# All in a days work...........



## readytogo (Apr 6, 2013)

Aside from buying survival food or canning does anybody do any real baking or meat curing because in both you can saved some real money with very little investment or time, take for instance this roll of bread, is 4 cups of white whole wheat flour and 1 tbsp yeast, water,salt and honey the local specialty bakery sells something like this for $6 and the Serrano sweet dry ham is $18 a pound if you can find it, I got the leg for $1.89 and made some sausages and this small ham, time did most of the work. Food preservation is a passion for me I really enjoy it passing it along to my kids right now my youngest is into baking school and made her first bread, holiday challah bread, is delicious. But really is not only healthier but cheaper and getting the kids involved is a God send because they learn something that is part of our history and can be useful at times.


----------



## Balls004 (Feb 28, 2015)

I do quite a bit of venison jerky, but it does have a limited life, because it generally gets eaten pretty quickly.

My next project is to try pemmican. I keep hoping that it's going to be something really good to eat, but the realist in me say's that it's just a indian MRE. I hope I'm pleasantly surprised. 

I've done hardtack, and while it's edible, it's not my first choice in bread, but if it's got to keep a while, it's alright. It is pretty good if you dip it in a soup made out of jerky though...


----------



## zombieresponder (Aug 20, 2012)

I haven't gotten into meat curing yet, but I will eventually build a smokehouse. I need to look into making biltong, which is sort of like jerky but supposedly keeps a lot better.


----------



## OldCootHillbilly (Jul 9, 2010)

I been known ta cure a ham er two, make bacon, sausage an other smoked an cured meats.

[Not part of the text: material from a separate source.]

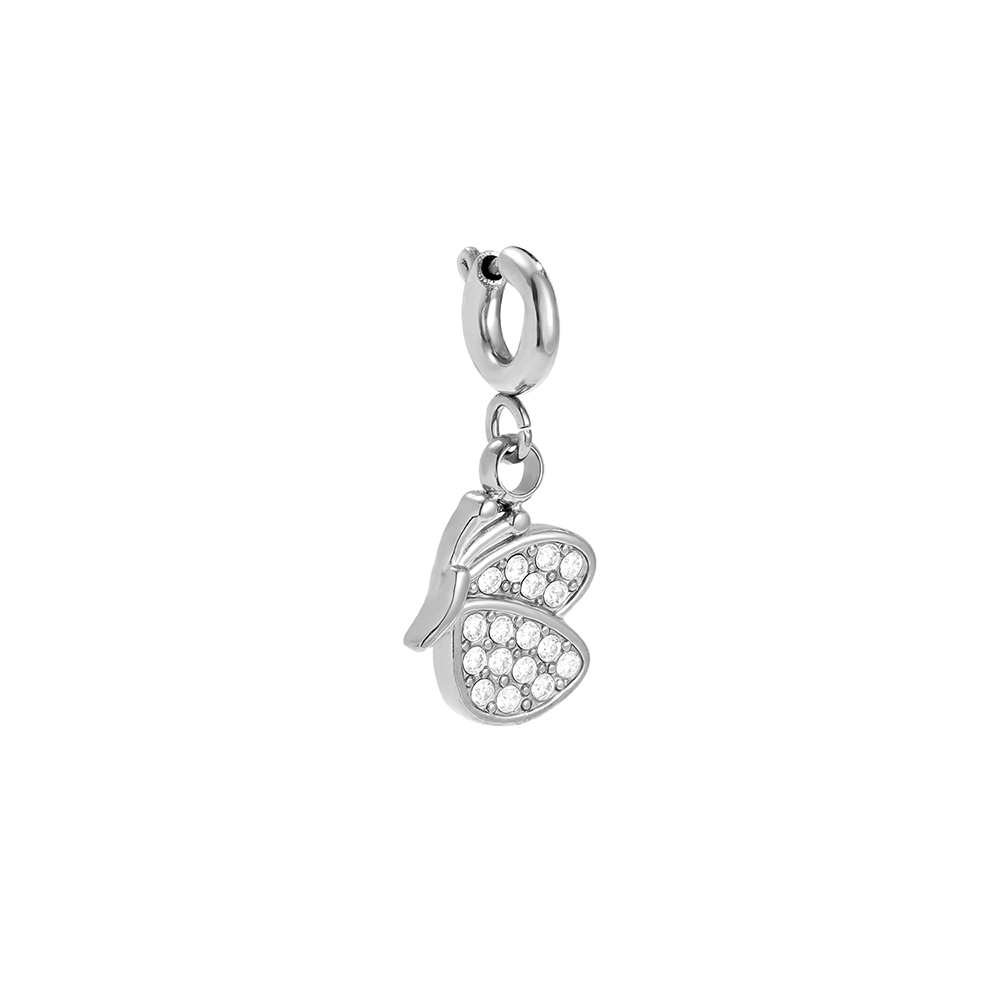 29mm half zirconia butterfly with spring clasp stainless steel pendant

I do a bit a bakin, usually in a dutch oven er on a stick.


----------



## Caribou (Aug 18, 2012)

I used to bake my own bread, rolls, cookies etc but it became too expensive and time consuming so I mostly gave it up. I understand, a couple cups of flour doesn't cost much but when you factor in a gym membership, doctors visits, and diet pills it adds up.  Seriously though, the wife and I do eat way more bread if we make it.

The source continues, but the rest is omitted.